Give back exactly the lines of the material below that start at the one holding "práchnovček Fomitopsis sp." and end at the last line, minus the pictures.

▬▬▬▬▬▬▬▬▬▬

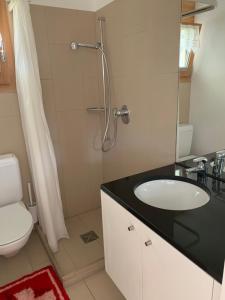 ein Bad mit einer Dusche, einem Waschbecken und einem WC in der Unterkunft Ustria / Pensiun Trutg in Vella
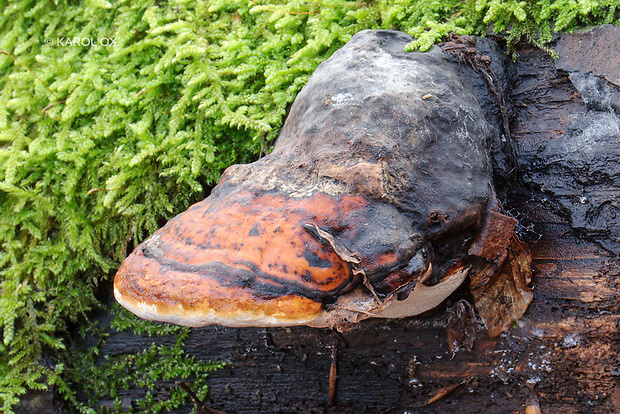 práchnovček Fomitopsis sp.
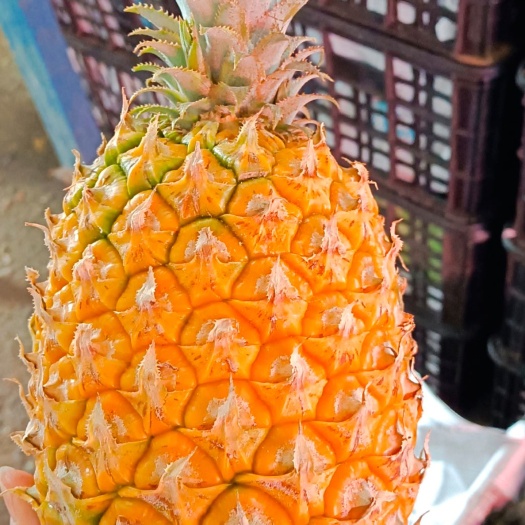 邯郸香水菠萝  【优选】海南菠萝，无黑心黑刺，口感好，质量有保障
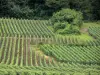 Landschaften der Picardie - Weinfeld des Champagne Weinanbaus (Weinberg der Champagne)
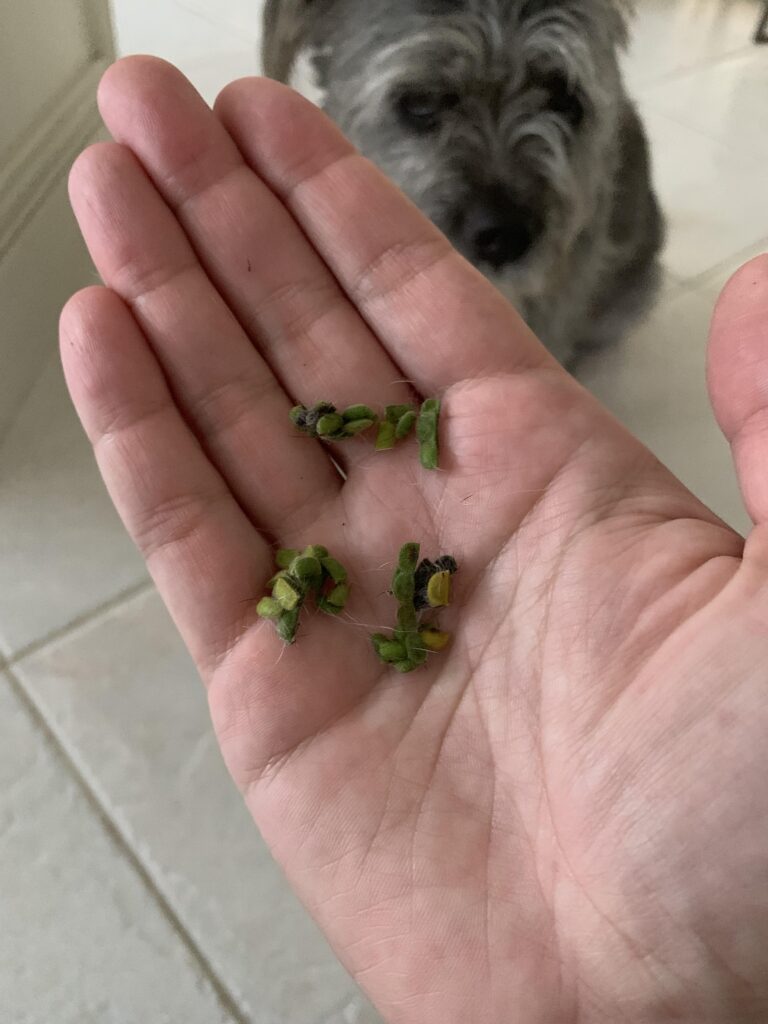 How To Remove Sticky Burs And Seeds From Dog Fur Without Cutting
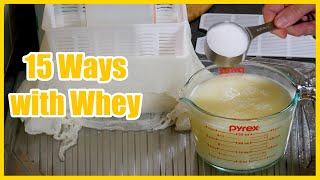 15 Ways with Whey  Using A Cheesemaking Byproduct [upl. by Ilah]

▬▬▬▬▬▬▬▬▬▬

■ Solution for this problem:
 práchnovček Fomitopsis sp.
 邯郸香水菠萝  【优选】海南菠萝，无黑心黑刺，口感好，质量有保障
 Landschaften der Picardie - Weinfeld des Champagne Weinanbaus (Weinberg der Champagne)
 How To Remove Sticky Burs And Seeds From Dog Fur Without Cutting
 15 Ways with Whey  Using A Cheesemaking Byproduct [upl. by Ilah]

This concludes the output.